Additionally, McFly works continuously with the Best Buddies, GW University Mobile Mammography Unit, The American Red Cross, Chris4Life Colon Cancer Foundation, The Alzheimer"s Association, and many other organizations on projects throughout the year. In October of 2012, McFly challenged his listeners to raise $20,000 for the GW Mobile Mammography Unit. The donations came pouring in, so he bleached and dyed his hair pink. When a local girl scout troop"s cookie fund was stolen, McFly and his crew set up a table and broadcasted a cookie sale on air bringing droves of people to replenish the stolen funds.

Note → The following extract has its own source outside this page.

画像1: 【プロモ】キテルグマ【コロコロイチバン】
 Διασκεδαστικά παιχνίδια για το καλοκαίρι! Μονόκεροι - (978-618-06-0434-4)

He says the broadcast world is the ideal place to tell people"s stories and do good for others. "I really believe in taking part in the world and diving in to help out those in need," McFly states.
McFly's advice to those who wish to go into this field: "You need to know in your heart you want to do this," he says. "There will be those who try to discourage you, but if you truly know this is the career for you, rock it out!"
He says having your own radio show is like running a small business; you need to understand many facets from marketing to public relations to keep yourself out there. "The days of having one job, like anchorman, have long gone," he points out. "There are many aspects of this career you need to learn. You have to commit to the media lifestyle and also be able to share your life on the air. Listeners and viewers need to be able to relate to you."
As he pointed out to LCCC graduates, he encourages others to take risks and follow their path. "You have a million choices ahead of you, and you can do whatever you want," says McFly. "Never lose your fire or passion. See how far you can push yourself. You"re gonna hit curveballs along the way, but that"s part of the fun."